The other point, made by many on the Guardian's comments page, as well as in emails to me, was about the CIA link. They ranged from the paranoid to an excellent comparison by my friend Michael Goldfarb to Norman Mailer's much underrated Harlot's Ghost. But Mailer's novel is less about the politics of the CIA than the old boy network, centered on Yale, that formed the early CIA. I have no doubt the CIA funded the Paris Review, as I implied in the obit, but I don't know what kind of spying Matthiessen did for the agency. Keeping an eye on lefties in Paris seems innocuous enough, but of course that's the way Matthiessen would have wanted it to seem.

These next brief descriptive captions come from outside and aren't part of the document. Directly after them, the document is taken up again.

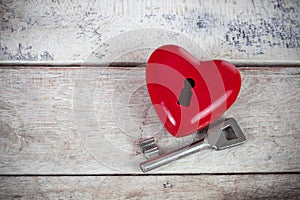 Detail of red heart figure with safe lock on wooden table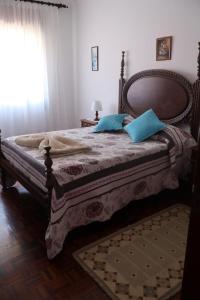a bedroom with a large bed with blue pillows at Vivenda Atlantico in Vila Praia de Âncora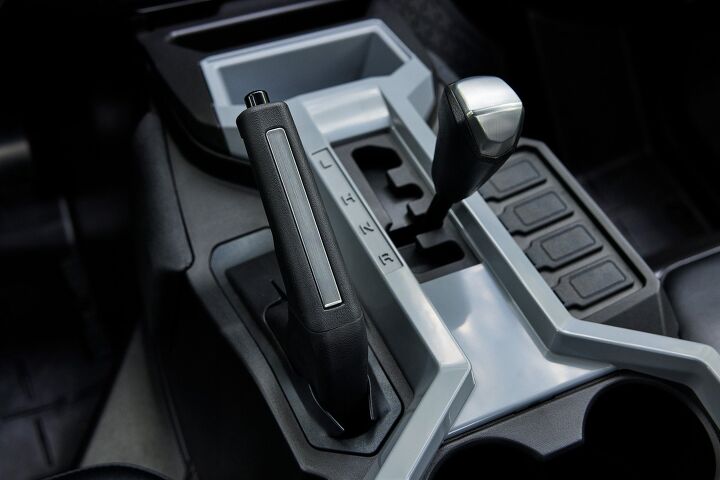 You won't find some center consoles and controls this nice in some high end cars. The new center console design features a new cell phone storage pocket at the front, as well as 4 accessory cutouts perfect for aftermarket rocker switches.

Robin Ramsey, the editor of Lobster, for whom I have written a number of pieces, forwarded me an article from Lobster 50, 'The Fiction Of The State' (you can find it at Lobster, here) which I either missed or don't recall. It's by Richard Cummings, who was a part of that circle in some ways, and is best known for a controversial biography of Allard Lowenstein, Pied Piper,

It's a fascinating, if impressionistic, article (a lot of the names would mean nothing to most of you reading it, but they encapsulate the New York literary world of the 50s and 60s). It's interesting because anyone involved in that world remains captivated by it yet somehow able to see themselves apart from it...which applies to Cummings every bit as much as to Matthiessen. The influence of this group resembles that of the British upper classes via Oxbridge. For example, Cummings' editor at Brazilier was Ned Chase. Ned's son is Chevy (like Wallace Shawn or Carly Simon, the entertainment world is littered with the children of New York editors!). More importantly, people in big New York law firms, often Yalies themselves, were the core of the CIA.
But if Cummings be correct, and the CIA was seriously fighting communism by trying to control what writers wrote, or ensure that certain ideas got spread through magazines like The Paris Review or Encounter, it makes you wonder what they were thinking, who they thought the real enemy was. Of course James Jesus Angleton edited a poetry magazine at Yale, and it's tempting to think he and the agency thought they could save the world from communism by simply improving on their undergraduate publications. But it's more realistic to think that they feared uppity intellectuals outside their waspy sphere more then they did the threat of godless communism in Russia.


Basically the CIA seems to have wasted a lot of money in terms of political gain. On the other hand, their artistic judgement seems better than, say, that of the National Endowment for the Arts, or the Arts Council. So maybe their mission statement and budget ought simply to be adjusted?